Hello, my name is Alfred Engstrand. I’m from San Antonio, Texas.
When I was 25 years old, I was approached by an older gentleman who needed my help to run his restaurant, because I had a little bistro in the ’80s. I didn’t have enough time, and he kept bothering me and finally found out where I lived, came to me one day and threw a wad of keys into my hands and said, “The restaurant’s closed until you help me reopen it.”
My partner back then, Carlton, and I went. He goes, “Go, go. Go help him.”
I said, “Okay, I’ll go give you advice.”
That one hour turned into 30 days later, trying to help him get this restaurant up and running again. I found out that the bistro that we opened, Carlton and I, he actually sold it.
I was like, “What’s going on? I mean, this is my bistro.”
Carlton goes, “You were never here for the past 30 days, so I got rid of it.” That ended our relationship, and I went back to Will to continue with the restaurant that I was working on.
Over time, my working relationship became a partnership. We lived together. We worked together 24 hours. We actually bought a house, literally around the corner in the King William District. Our agreement was that he owned 51%, and I had 49% of the restaurant.
Two years into the relationship, it’s Valentine’s Day. We had a 45-minute wait, and around 7:30, Will fell to the ground. I saw him fall and I thought, okay, maybe he tripped and got tangled up between the tables, because it was a small, small restaurant. I’m like, “Get up, get up. You’re embarrassing.”
Finally, one of the guests said, “He had a heart attack.” I’m like, I didn’t know what a heart attack was. I’d never seen one. I called 911 and they came in. The heart attack was fatal inside the restaurant.
I’m digging through his stuff, I found his ex-wife, who I knew he had an ex-wife. I reached out to her to get information on what to do with his body and what cemetery, what religious, and she flew in. When she arrived in the restaurant, I found out that they were never divorced. He never signed the divorce papers.
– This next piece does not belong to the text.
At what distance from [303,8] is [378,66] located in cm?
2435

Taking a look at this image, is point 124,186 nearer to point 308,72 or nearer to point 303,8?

It became a nightmare, because she realized that it just meant more money for her. She saw dollar signs. She saw a phone book on our cash register counter and literally opened that phone book. Right in the middle of the phone book was a two-page ad, one of our biggest attorneys in San Antonio back in 1992, and literally took the payphone and called. That man, that attorney showed up at our restaurant.
I was like, “Well, wait a minute. What’s going on?” I got an attorney on my side, and we had no case. That was what the courts told us, told me, that I had no case because, in 1992, gay marriage was not recognized. In fact, it was very embarrassing, because we did have the 10 o’clock news at the courtroom, court steps. I’m coming out of the courtroom, and I was only 25 years old. I still was not comfortable with who I was.
I had no case because, in 1992, gay marriage was not recognized.
In 48 hours, the business, she inherited the restaurant, our home that we just got. My father, for the first time came to my rescue, and he was worried about me, and he thought I was going to commit suicide. I’m like, What? But I did sit across the street at a laundromat of the restaurant for about 30 days every day, staring at our restaurant, while I saw dumpsters go in and just completely tear it all apart. At the same time, I had to move out, because there were people who served me papers to vacate our home, because my name was not on the mortgage.
On June 1st, I had to figure out what I was going to do, and we always wanted to open a second location in Austin, Texas. I took one of our staff waiters and I said, “Ray, you’re going to help me move. We’re going to go to Austin, Texas.”
I was 25 years old in a new city, didn’t know a person, and no one would give me a job. I didn’t realize this town, Austin, everyone has a degree. I never went to college. Because nobody will give me a job, I started cleaning houses and started cooking for people, for couples. What I was good at at 25 was, clean their house, have their supper ready, serve their first two courses, and then when desserts came, I had candles and the hot water in their tubs. And you know, and then I exited. I always left a bottle of champagne, and that was my calling card. It just got bigger and bigger, and 30 years later, I have a multi-million dollar catering company.
So my current relationship for 20 years, even though we love each other, we’ve never had an argument, which is so weird, but we do have everything in writing. It’s all sewn up. His family and my family knows exactly what to do when that moment comes. Our gay rights are always under attack, especially with the state we live in. I hear rumors that if certain people are elected, we might even go backwards or reverse and take our marriage away from us. It is very, very important, in my thoughts, that we have everything in writing.
I would take the time and learn about the law, so you’re not scrambling at the last second and trying to figure out what’s coming to you or what you’re entitled to before somebody else takes it away.